Mettendo da parte le mimose, l’8 marzo abbiamo assistito, nell’ambito della Stagione 2015 di Armunia, a Pasticceri. Io e mio fratello Roberto, di e con Roberto Abbiati e Leonardo Capuano.
Scenografia mozzafiato: scintillanti strumenti metallici e levigatissime superfici lignee, scaffali e − inspiegabilmente − due delle più note foto di Frank Zappa. Il palco si è tramutato in una pasticceria: i generi alimentari sono stipati sullo sfondo, e due lunghe tavole occupano buona parte della scena.
Sulle note di Sweet Home Alabama, i due attori fanno la loro comparsa, ancheggiando a tempo come in una coreografia stile “casalinga intenta a svolgere mansioni domestiche ascoltando la radio”. Tra turbini di farina e cannella, spumeggianti montagnole di albumi e rivoli di cioccolata modellati con la massima professionalità, si intesse la storia dei due fratelli pasticceri, antitetici ma accomunati da un’emotività fanciullesca, ingenua. Relegati o forse nascosti dietro il bancone del laboratorio, dove il tempo non scorre, ma rimane cristallizzato sulle ore 4.00, osservano la vita attraverso farina e zucchero, scherzando e litigando, nel tipico rapporto odio-amore fraterno, e teneramente l’uno prova di fronte all’altro una dichiarazione d’amore per una donna spiata da un vassoio di bignè.

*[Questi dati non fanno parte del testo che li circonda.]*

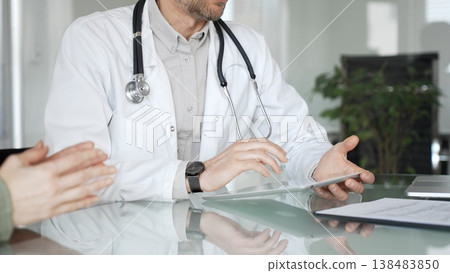 Doctor man discussing medical information with patient woman using digital tablet during consultation, healthcare technology concept. Medicine, health care and science concept 138483850
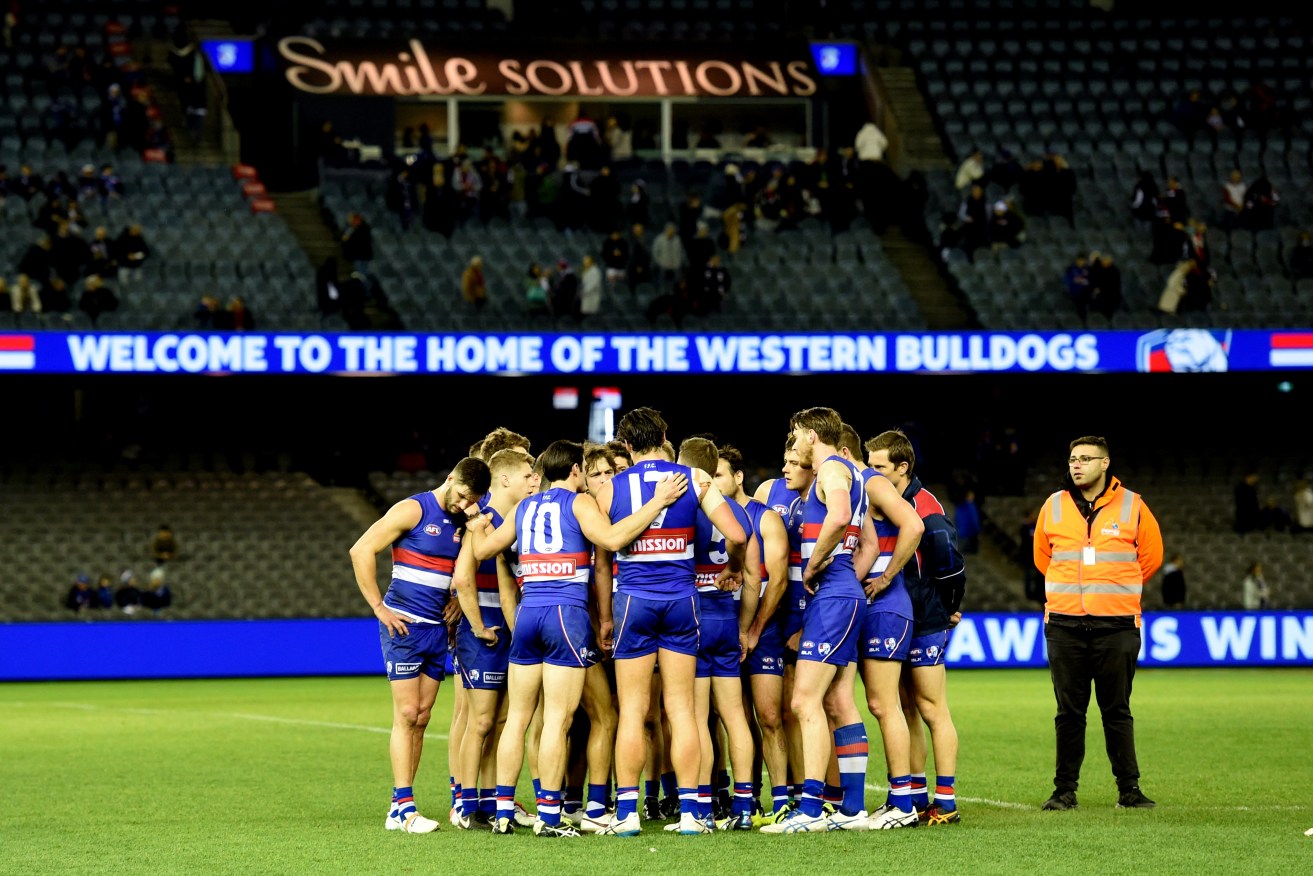 Bulldogs players console each other before walking off the field after Saturday's devastating defeat. Photo: Tracey Nearmy, AAP.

Il primo (Capuano) è apparentemente sicuro di sé, responsabile, abilissimo con mestoli e fruste, anche se spesso la baldanza si incrina, lasciando trasparire un’indole incapace di contenere l’emotività, così da renderlo esitante e insicuro – l’apice drammaticamente comico è il momento in cui, pur essendo lui l’innamorato, chiede al fratello, dal maggior talento poetico, di fare la dichiarazione al posto suo.

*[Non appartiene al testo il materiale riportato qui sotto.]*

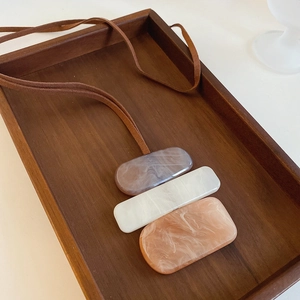 Close-up of irregular resin cube pendant with marble texture on brown suede cord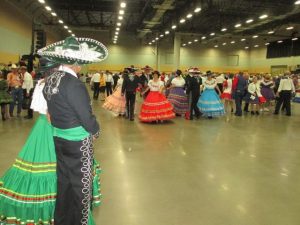 Exhibition dancers were colorful and added sparkle to the convention.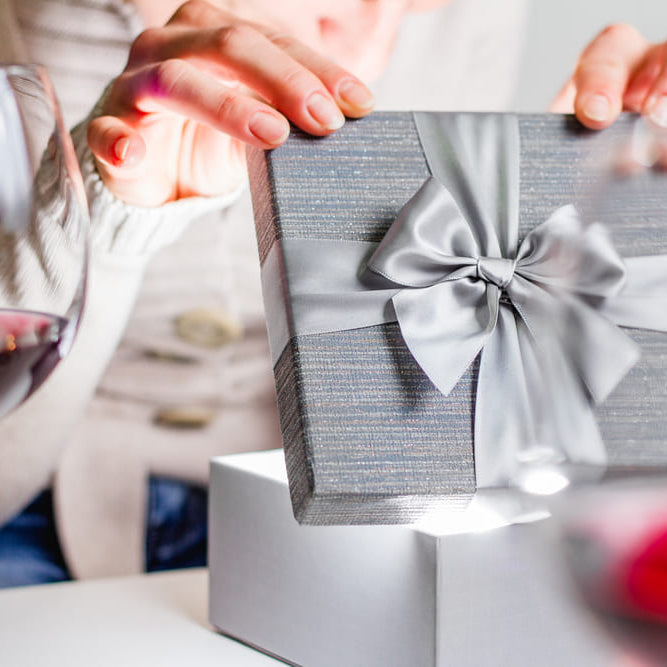 Woman opening a gift with wine glass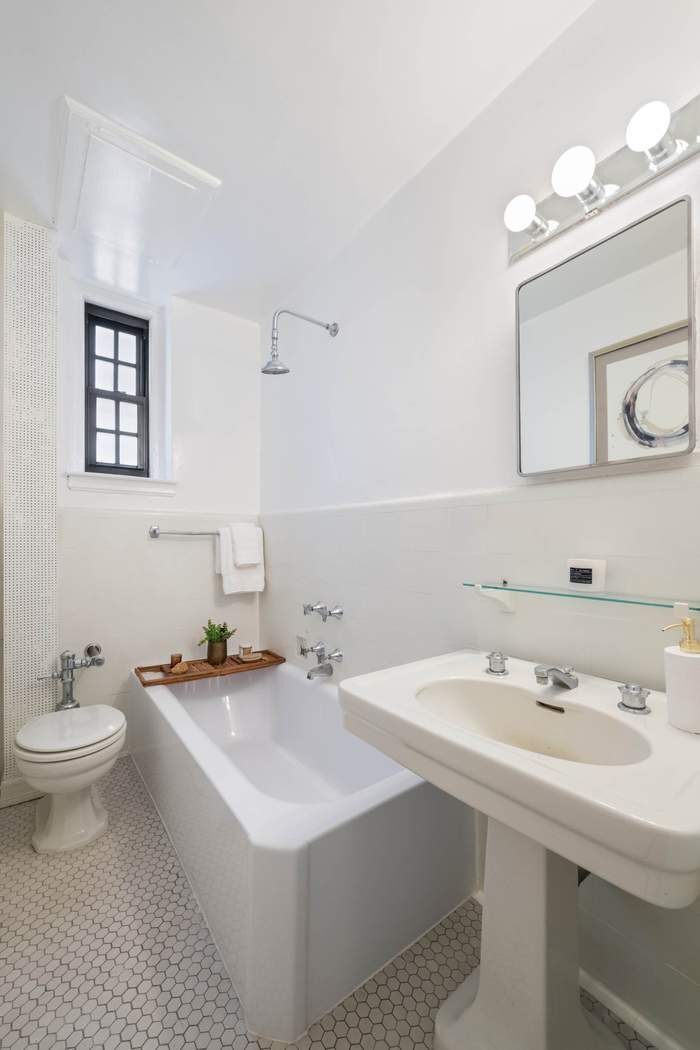 129 East 69th Street, Unit 2/3A Manhattan, NY 10021 - Photo 9 of 12 a bathroom with a sink and a toilet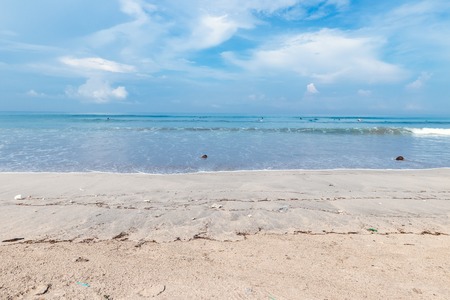 Tropical beach view. Calm and relaxing empty beach scene, blue sky and white sand. Tranquil nature concept. Bali.の写真素材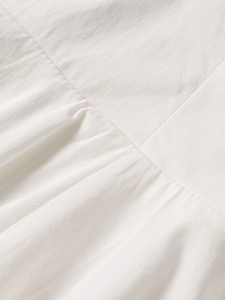 Close-up of white Tencel slub fabric with delicate texture and stitching details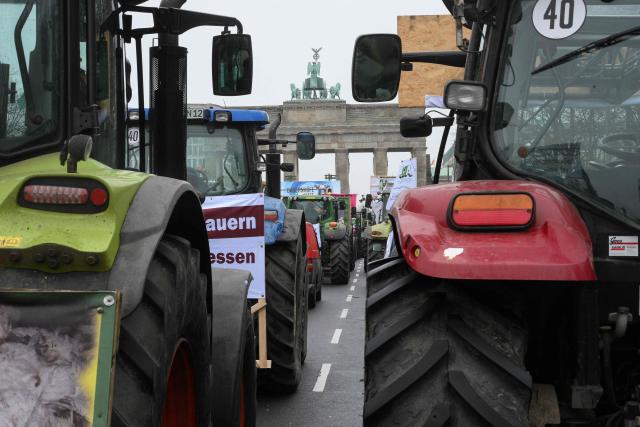 Farmers park their tractors in front of the Brandenburg Gate as they take part in a demonstration titled "We are fed up!" and demanding a socially just agricultural transition, in Berlin on January 17, 2026. (Photo by RALF HIRSCHBERGER / AFP)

Il secondo (Abbiati, ossia il sosia di Frank Zappa) è irrimediabilmente comico: baffi invidiabili, balbuzie, passo esitante. Cambia la luce e, in posa, sguardo fisso e voce sicura, si tramuta in uno splendido Cirano, dopodiché, terminata la declamazione poetica, torna in sé, balbettando parole sconnesse per giustificarsi.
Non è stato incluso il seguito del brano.